[Short web captions]
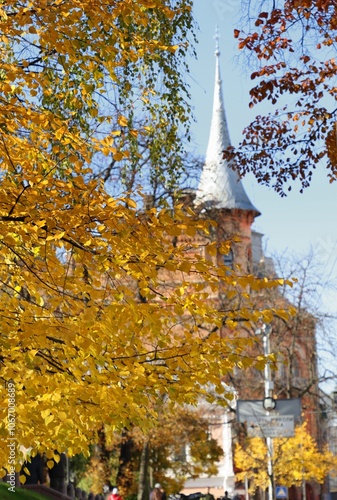 kiev, kyiv, ukraine, architecture, building, city, europe, old, landmark, travel, history, house, exterior, autumn, tree, fall, leaves, yellow, leaf, park, wood, outdoors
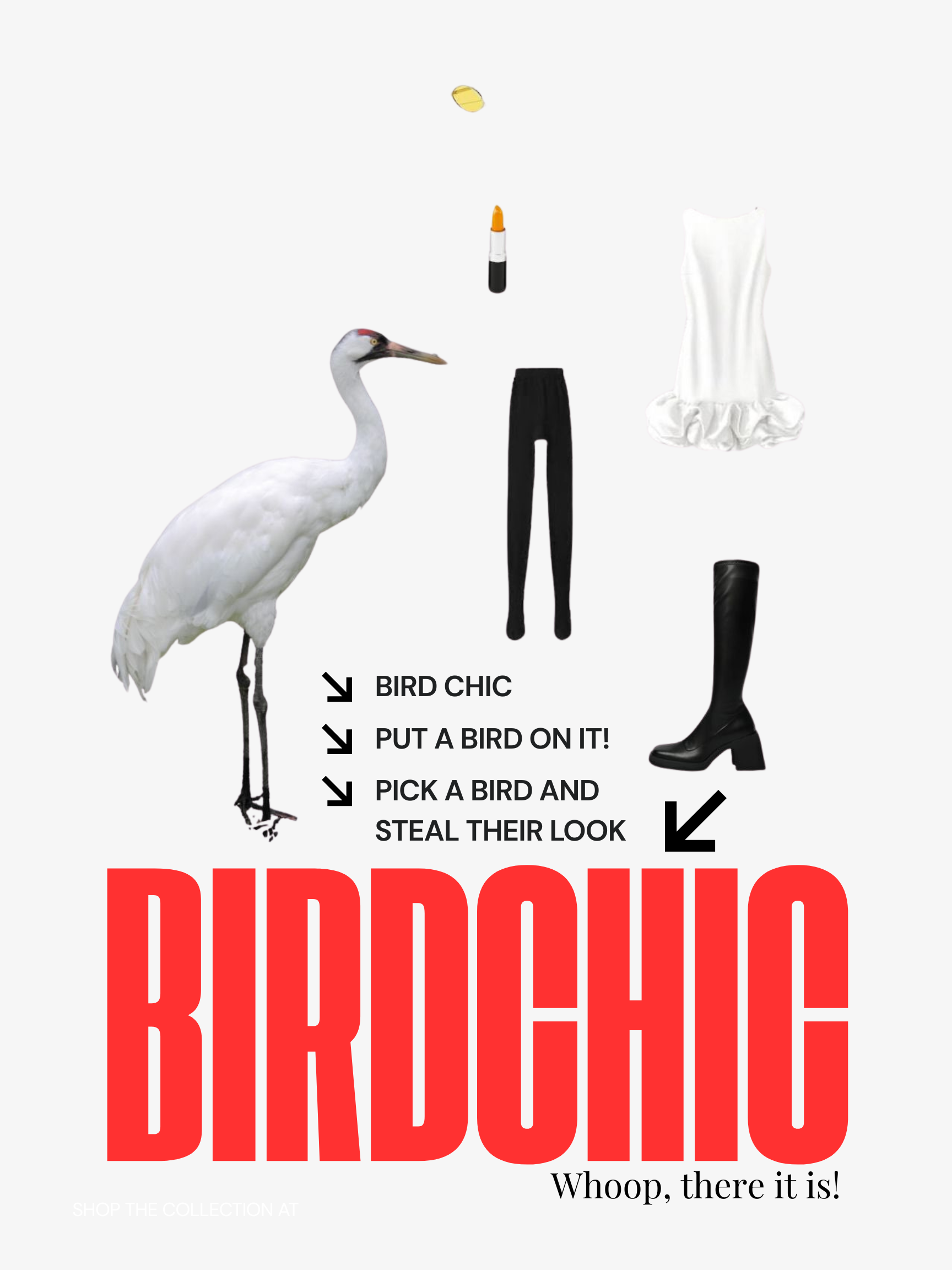 Bird Chic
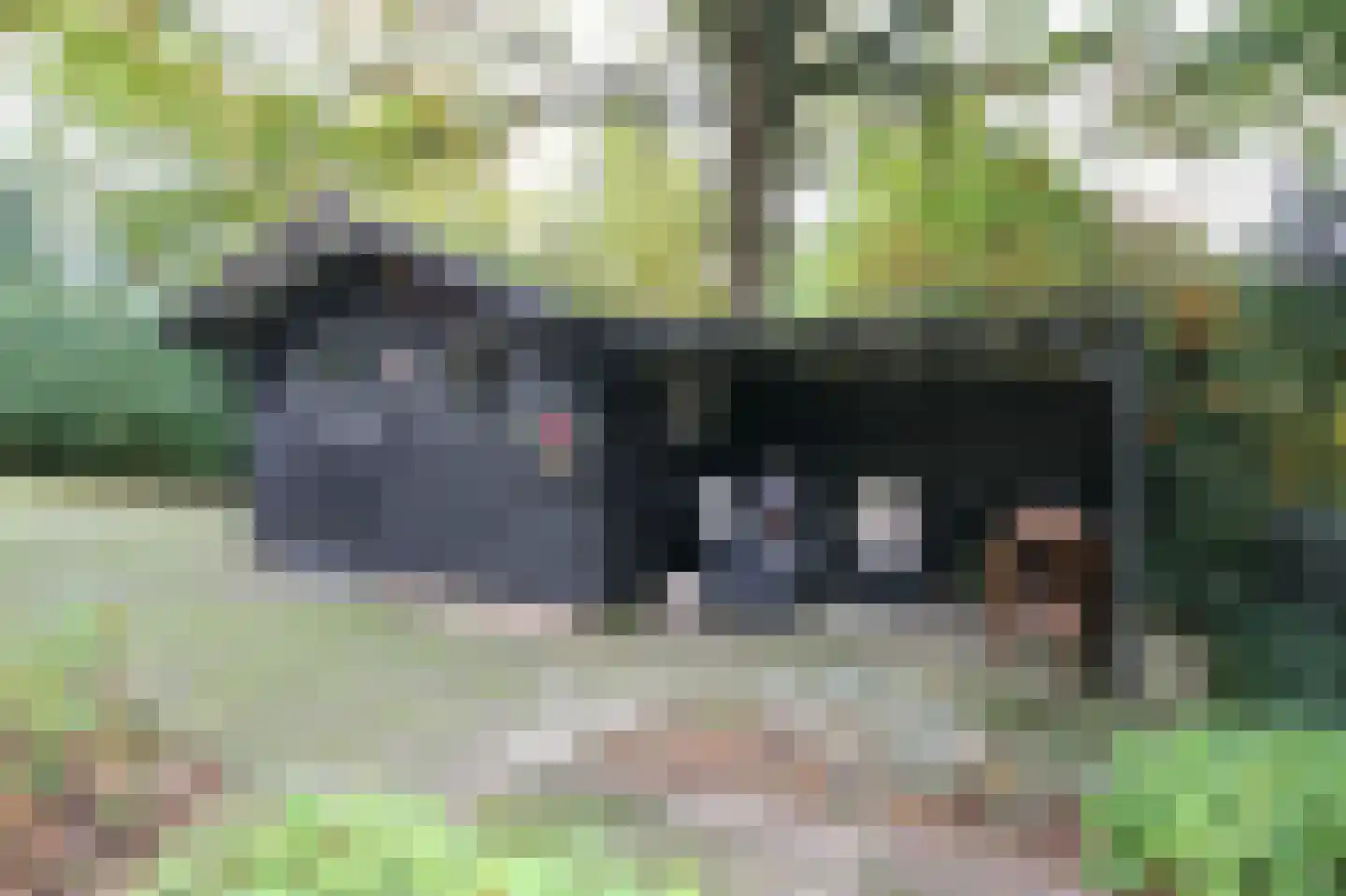 Oude Prinsenweg 16 85 Putten thumbnail 39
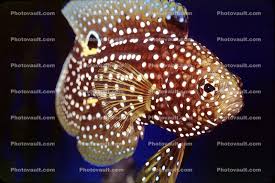 It gets easily irritated and stressed with sudden atmospheric changes and easily affects its health with this behavior. Marine Betta Grouper Calloplesiops Altivelis Perciformes Plesiopidae Images Photography Stock Pictures Archives Fine Art Prints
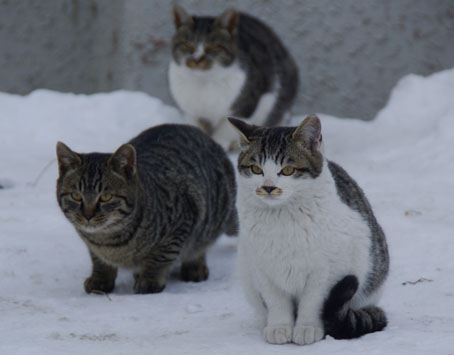 北見の野良猫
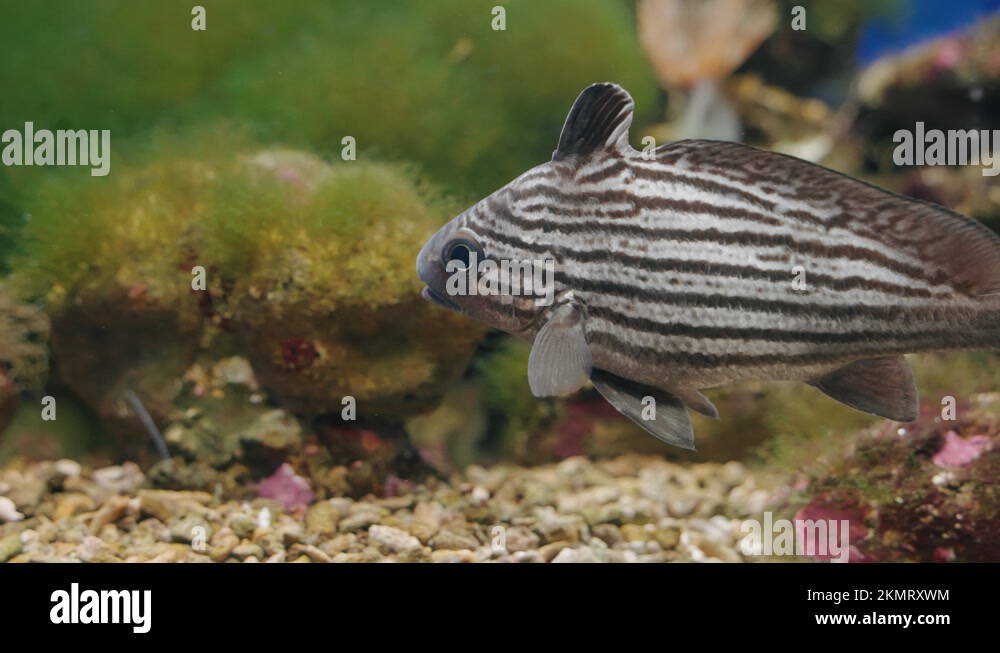 High Hat Fish Swimming Freely In Uminomori Aquarium In Sendai, Japan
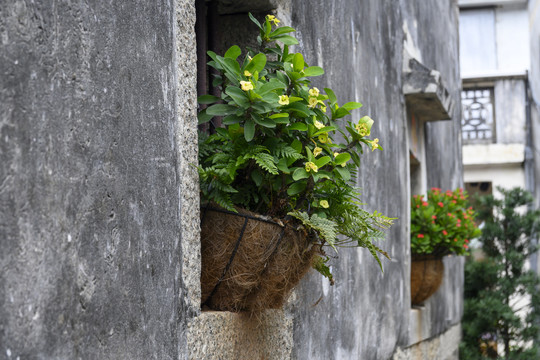 花卉植物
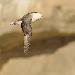 Fulmar boréal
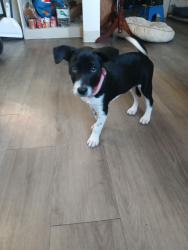 Lost Male Dog last seen east grand and ash, Escondido, CA 92027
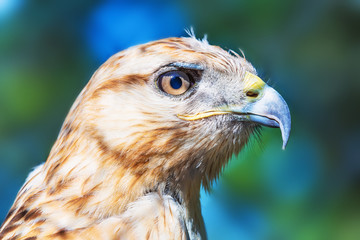 Red-tailed Hawk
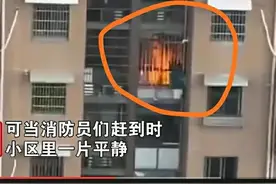 杭州：30名消防员出动，没想到却是乌龙火警，都是玻璃反光惹的祸图片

Brief – Could you retype all the entries exactly, skipping the pictures?

Solution to the exercise –
 kiev, kyiv, ukraine, architecture, building, city, europe, old, landmark, travel, history, house, exterior, autumn, tree, fall, leaves, yellow, leaf, park, wood, outdoors
 Bird Chic
 Oude Prinsenweg 16 85 Putten thumbnail 39
 It gets easily irritated and stressed with sudden atmospheric changes and easily affects its health with this behavior. Marine Betta Grouper Calloplesiops Altivelis Perciformes Plesiopidae Images Photography Stock Pictures Archives Fine Art Prints
 北見の野良猫
 High Hat Fish Swimming Freely In Uminomori Aquarium In Sendai, Japan
 花卉植物
 Fulmar boréal
 Lost Male Dog last seen east grand and ash, Escondido, CA 92027
 Red-tailed Hawk
 杭州：30名消防员出动，没想到却是乌龙火警，都是玻璃反光惹的祸图片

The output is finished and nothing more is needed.